India’s 175 GW target
Speaking at the session on Renewables in India at the India Pavilion, on the sidelines of Madrid Climate Conference (CoP25) at Madrid, Spain late on Monday night, Kumar added that Regional Energy Management Centres (REMCs) to support the increasing share of renewable is being increased.
‘Govt working to de-risk renewable energy sector in India’
Kumar said that the government has put in place payment security mechanism to de-risk renewable energy sector in India. “Payment Security Mechanism to de-risk investments in renewable have been put in place. On the demand side, the Ministry is working with farmers and commercial and industrial (C&I) consumers to embed them into the renewables value chain as direct stakeholders,” he remarked.
‘Additional investments in RE up to 2022 would be $80 billion’
Kumar underlined the need for catalysing private investment and expanding the renewable energy market in India through innovative risk mitigation and aggregation instruments. He stated that the additional investments in renewable up to year 2022 would be about $80 billion at today’s prices and an investment of around $300 billion would be required upto 2030.
Referring to the Indian Renewable Energy Development Agency’s (IREDA) ‘green window’ initiative to attract private capital to the under-served segments of the market, he said, “Top contenders for the green window include storage, electric mobility, distributed renewables and energy efficiency.
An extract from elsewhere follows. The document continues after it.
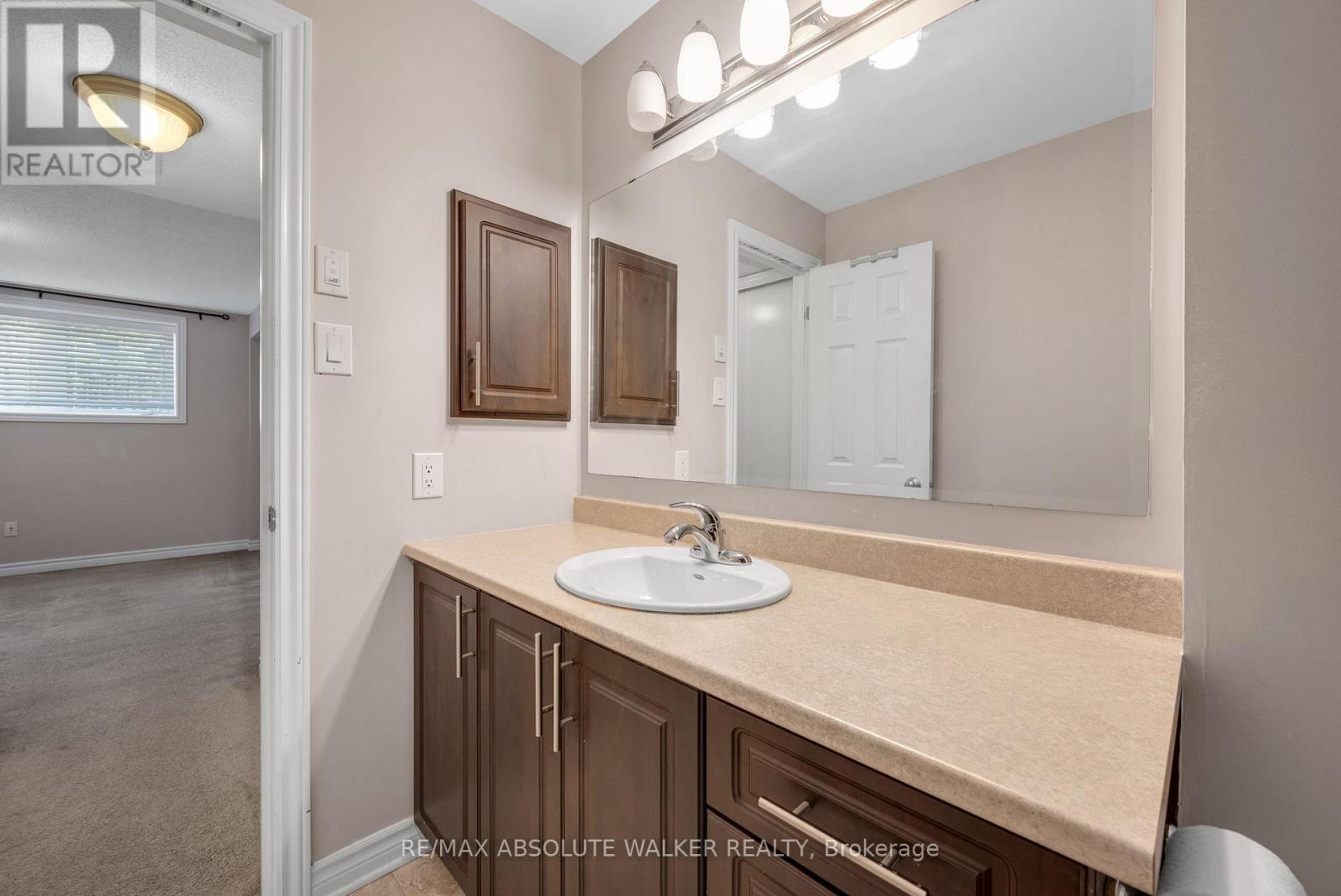 A - 262 Titanium Private, Ottawa, Ontario K1C 0A5 - Photo 28 - X12354121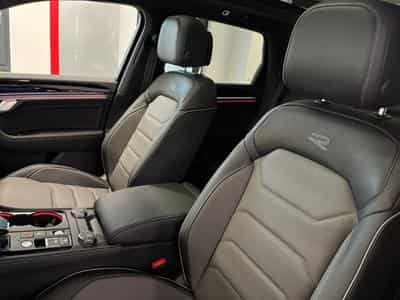 VW Touareg 3.0 TDI 210 kW 4Motion R-Line Final Edition (2026) - Photo 12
He also informed that IREDA is launching its own Alternate Investment Fund to recycle its capital by attracting insurance, pension funds etc., with the aim to deepen the bond market, and in turn, allow the projects to directly link with public funds.
Making farmers a party to renewable energy growth in India
He detailed the Pradhan Mantri Kisan Urja Suraksha evem Utthan. Mahabhiyan (PM- KUSUM) scheme for farmers to install solar pumps and grid connected renewable power plants, targeting 26GW capacity and 1.7 million farmers by 2022. KUSUM aims to provide a stable, continuous and long-term source of income to rural landowners. Its advantages include decentralised local clean power for rural load centres and agriculture pump-sets, enabling energy access without adding grid load, reduced transmission losses, less use of expensive and polluting diesel-powered pumps, and a reliable source of irrigation.
Making renewable projects bankable & viable
Manu Srivastava, Principal Secretary, New and Renewable Energy Dept, Government of Madhya Pradesh, said that to maintain investor confidence in India’s renewables sector, “we need to make the projects bankable and viable, resolve the uncertainties the projects may have in terms of their bidders and bankers, keep processes transparent, and create ownership among all stakeholders.”
‘India’s One Sun, One World, One Grid holds special meaning’
Juan Carlos Olmedo, President, Board of Directors, Coordinador Eléctrico Nacional, Chile asserted that in the increasingly interconnected world, India’s vision of ‘One Sun, One World, One Grid’ holds special meaning, as countries such as Chile, which are rich in renewables, will now get the opportunity to enter the global energy market.
Experts from IRENA, the International Energy Agency, German development bank KfW, the Natural Resources Defense Council and the India Smart Grid Forum, emphasised the importance of flexibility in policy, financing, manufacturing, pricing, technology, storage and services in rapidly scaling up renewables. Global energy major Acciona outlined solutions to decarbonise electrical systems, while Indian conglomerate Dalmia Bharat Cement noted that clean energy systems must become integral to the business strategies of large corporates as well as their supply networks to remain competitive amidst the ongoing energy transition.